When to use: When training models with billions of parameters that exceed single-GPU memory capacity, particularly transformer-based language models. Megatron
is excellent for models that require model parallelism beyond data parallelism, enabling training of huge models.
How it works: Megatron
implements efficient parallelism strategies by splitting model layers across GPUs. See our page on distributed training for different types of model parallelism and when to use them. Models must be implemented using Megatron's parallel layers.
Running at NERSC: Use the torchrun
launcher for running Megatron
training.

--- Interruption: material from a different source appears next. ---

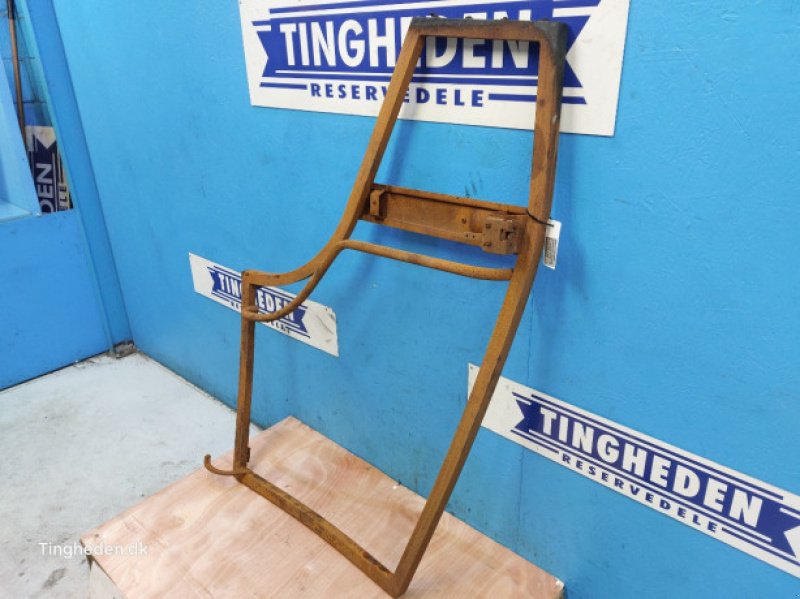 Kabine des Typs Valmet 8050, Gebrauchtmaschine in Hemmet (Bild 10)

See [this example] (https://docs.nvidia.com/megatron-core/developer-guide/latest/user-guide/index.html#quick-start) to get started.
Horovod¶
Horovod
is Uber's distributed training framework that provides a simple interface for data parallel training across multiple GPUs and nodes.
When to use: When you need compatibility with TensorFlow. While newer frameworks like DDP offer better performance for PyTorch, Horovod
remains useful for multi-framework environments.
How it works: Horovod
uses NCCL for efficient communication between processes. It requires minimal code changes - mainly adding hvd.init()
, wrapping the optimizer with hvd.DistributedOptimizer
, and broadcasting the initial model state.
Running at NERSC: Launch with srun
directly. See the Horovod documentation for examples.